From the line with "Cachorro raça SRD-ViraLata" to the final line of the records, reproduce every line exactly and only those lines.

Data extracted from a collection
--------------------------------
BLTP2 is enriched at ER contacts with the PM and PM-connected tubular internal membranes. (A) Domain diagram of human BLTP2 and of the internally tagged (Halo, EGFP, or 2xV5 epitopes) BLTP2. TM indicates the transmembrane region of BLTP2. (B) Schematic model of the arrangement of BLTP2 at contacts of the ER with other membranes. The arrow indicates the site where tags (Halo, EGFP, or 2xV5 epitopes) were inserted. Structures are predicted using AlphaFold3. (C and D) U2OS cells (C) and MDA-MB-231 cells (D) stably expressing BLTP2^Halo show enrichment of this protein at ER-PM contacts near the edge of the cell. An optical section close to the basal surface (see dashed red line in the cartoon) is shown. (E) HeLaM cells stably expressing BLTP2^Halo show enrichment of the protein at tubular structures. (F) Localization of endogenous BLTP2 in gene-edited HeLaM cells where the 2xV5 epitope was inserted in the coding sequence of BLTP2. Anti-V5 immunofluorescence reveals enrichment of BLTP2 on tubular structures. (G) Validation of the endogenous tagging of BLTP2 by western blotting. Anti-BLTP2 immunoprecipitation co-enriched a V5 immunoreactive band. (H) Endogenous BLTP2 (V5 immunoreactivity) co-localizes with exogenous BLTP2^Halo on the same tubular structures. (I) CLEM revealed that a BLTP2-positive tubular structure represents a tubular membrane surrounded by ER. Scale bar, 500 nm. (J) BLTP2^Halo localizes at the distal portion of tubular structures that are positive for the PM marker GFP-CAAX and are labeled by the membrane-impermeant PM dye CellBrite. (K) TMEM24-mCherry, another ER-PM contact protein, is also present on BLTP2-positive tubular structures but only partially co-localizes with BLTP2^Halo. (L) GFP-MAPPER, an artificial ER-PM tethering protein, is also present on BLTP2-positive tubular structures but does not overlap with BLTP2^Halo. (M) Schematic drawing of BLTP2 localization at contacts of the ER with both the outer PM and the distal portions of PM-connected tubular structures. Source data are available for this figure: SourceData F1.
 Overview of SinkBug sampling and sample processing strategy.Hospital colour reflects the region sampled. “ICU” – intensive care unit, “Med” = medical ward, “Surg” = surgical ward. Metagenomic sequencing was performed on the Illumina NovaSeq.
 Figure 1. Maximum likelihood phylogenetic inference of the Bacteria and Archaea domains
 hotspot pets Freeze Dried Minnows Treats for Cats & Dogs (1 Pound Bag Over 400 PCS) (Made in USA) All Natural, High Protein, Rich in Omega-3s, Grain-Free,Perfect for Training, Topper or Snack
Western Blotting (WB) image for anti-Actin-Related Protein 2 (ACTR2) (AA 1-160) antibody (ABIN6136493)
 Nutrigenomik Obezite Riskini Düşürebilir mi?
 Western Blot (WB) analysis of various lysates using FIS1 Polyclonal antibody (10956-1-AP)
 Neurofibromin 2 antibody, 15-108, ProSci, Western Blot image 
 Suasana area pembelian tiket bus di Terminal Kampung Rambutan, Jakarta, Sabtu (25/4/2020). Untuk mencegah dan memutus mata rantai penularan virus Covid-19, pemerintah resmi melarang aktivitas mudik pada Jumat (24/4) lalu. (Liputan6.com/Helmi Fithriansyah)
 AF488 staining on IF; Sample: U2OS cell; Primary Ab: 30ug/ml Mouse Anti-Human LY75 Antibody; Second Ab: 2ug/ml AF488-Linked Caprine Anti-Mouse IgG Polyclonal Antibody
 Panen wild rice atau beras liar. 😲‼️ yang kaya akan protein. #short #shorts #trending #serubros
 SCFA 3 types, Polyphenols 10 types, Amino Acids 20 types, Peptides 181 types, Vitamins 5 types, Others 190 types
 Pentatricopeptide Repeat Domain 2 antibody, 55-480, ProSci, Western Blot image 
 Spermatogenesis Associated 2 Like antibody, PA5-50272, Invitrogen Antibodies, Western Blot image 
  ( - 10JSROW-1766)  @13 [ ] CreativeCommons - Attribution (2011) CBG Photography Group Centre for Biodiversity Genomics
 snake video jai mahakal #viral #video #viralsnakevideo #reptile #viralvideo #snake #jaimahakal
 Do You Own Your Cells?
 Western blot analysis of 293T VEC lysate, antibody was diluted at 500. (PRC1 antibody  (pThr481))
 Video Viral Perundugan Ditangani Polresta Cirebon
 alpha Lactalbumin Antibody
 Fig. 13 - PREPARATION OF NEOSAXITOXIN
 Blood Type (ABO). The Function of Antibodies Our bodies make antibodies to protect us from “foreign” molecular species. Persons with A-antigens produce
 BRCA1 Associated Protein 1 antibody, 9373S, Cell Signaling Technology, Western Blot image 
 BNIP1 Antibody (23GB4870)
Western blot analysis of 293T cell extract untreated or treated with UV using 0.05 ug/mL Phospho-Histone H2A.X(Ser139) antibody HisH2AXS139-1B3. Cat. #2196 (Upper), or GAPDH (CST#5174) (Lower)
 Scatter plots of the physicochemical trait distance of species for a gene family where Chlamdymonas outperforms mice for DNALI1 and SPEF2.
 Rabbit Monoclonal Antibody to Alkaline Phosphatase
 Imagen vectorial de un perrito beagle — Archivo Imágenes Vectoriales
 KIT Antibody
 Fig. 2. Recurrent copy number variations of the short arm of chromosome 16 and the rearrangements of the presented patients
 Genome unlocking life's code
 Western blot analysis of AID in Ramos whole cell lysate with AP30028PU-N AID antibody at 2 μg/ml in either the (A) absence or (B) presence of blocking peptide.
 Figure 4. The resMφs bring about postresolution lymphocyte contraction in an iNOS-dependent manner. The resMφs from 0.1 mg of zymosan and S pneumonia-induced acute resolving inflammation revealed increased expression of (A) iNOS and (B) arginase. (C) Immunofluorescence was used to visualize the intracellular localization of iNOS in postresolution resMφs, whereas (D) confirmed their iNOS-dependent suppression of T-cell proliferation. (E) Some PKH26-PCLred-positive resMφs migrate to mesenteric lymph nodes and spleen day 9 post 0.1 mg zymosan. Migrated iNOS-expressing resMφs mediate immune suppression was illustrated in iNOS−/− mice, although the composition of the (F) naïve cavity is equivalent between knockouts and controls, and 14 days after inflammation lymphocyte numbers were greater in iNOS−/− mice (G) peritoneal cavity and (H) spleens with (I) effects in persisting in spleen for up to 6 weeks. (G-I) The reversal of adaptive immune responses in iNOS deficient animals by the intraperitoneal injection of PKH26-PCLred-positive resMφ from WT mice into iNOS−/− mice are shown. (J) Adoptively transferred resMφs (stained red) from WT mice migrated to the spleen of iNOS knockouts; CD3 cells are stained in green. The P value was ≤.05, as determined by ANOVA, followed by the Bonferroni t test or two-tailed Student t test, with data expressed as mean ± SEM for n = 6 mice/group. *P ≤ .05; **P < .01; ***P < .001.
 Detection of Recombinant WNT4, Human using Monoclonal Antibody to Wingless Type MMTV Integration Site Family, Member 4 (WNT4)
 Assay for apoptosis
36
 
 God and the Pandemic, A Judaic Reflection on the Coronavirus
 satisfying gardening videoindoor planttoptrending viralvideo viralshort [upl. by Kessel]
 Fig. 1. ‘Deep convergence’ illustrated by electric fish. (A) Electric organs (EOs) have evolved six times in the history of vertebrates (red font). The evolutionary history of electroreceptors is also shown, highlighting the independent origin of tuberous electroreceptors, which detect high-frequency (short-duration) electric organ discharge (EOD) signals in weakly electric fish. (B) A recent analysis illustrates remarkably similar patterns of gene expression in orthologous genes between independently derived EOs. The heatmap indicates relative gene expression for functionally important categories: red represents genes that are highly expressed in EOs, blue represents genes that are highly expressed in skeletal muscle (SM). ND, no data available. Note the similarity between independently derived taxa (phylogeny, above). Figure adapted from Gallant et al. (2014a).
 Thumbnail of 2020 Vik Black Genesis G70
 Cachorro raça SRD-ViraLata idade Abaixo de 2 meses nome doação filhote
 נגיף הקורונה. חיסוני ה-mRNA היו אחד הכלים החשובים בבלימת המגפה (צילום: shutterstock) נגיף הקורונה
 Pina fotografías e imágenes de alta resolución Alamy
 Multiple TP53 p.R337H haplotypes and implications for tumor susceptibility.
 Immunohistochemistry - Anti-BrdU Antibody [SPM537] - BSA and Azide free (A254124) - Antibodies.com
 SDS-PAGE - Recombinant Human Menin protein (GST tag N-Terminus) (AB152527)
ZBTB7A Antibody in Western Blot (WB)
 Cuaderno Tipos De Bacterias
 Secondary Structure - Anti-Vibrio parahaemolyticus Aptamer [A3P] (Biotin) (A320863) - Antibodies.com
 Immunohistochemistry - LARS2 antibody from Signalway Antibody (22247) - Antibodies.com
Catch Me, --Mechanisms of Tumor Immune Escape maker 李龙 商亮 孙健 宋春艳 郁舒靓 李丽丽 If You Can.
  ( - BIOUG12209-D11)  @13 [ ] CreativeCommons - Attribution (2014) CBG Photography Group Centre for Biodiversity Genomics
--------------------------------
Solved exercise ::
 Cachorro raça SRD-ViraLata idade Abaixo de 2 meses nome doação filhote
 נגיף הקורונה. חיסוני ה-mRNA היו אחד הכלים החשובים בבלימת המגפה (צילום: shutterstock) נגיף הקורונה
 Pina fotografías e imágenes de alta resolución Alamy
 Multiple TP53 p.R337H haplotypes and implications for tumor susceptibility.
 Immunohistochemistry - Anti-BrdU Antibody [SPM537] - BSA and Azide free (A254124) - Antibodies.com
 SDS-PAGE - Recombinant Human Menin protein (GST tag N-Terminus) (AB152527)
ZBTB7A Antibody in Western Blot (WB)
 Cuaderno Tipos De Bacterias
 Secondary Structure - Anti-Vibrio parahaemolyticus Aptamer [A3P] (Biotin) (A320863) - Antibodies.com
 Immunohistochemistry - LARS2 antibody from Signalway Antibody (22247) - Antibodies.com
Catch Me, --Mechanisms of Tumor Immune Escape maker 李龙 商亮 孙健 宋春艳 郁舒靓 李丽丽 If You Can.
  ( - BIOUG12209-D11)  @13 [ ] CreativeCommons - Attribution (2014) CBG Photography Group Centre for Biodiversity Genomics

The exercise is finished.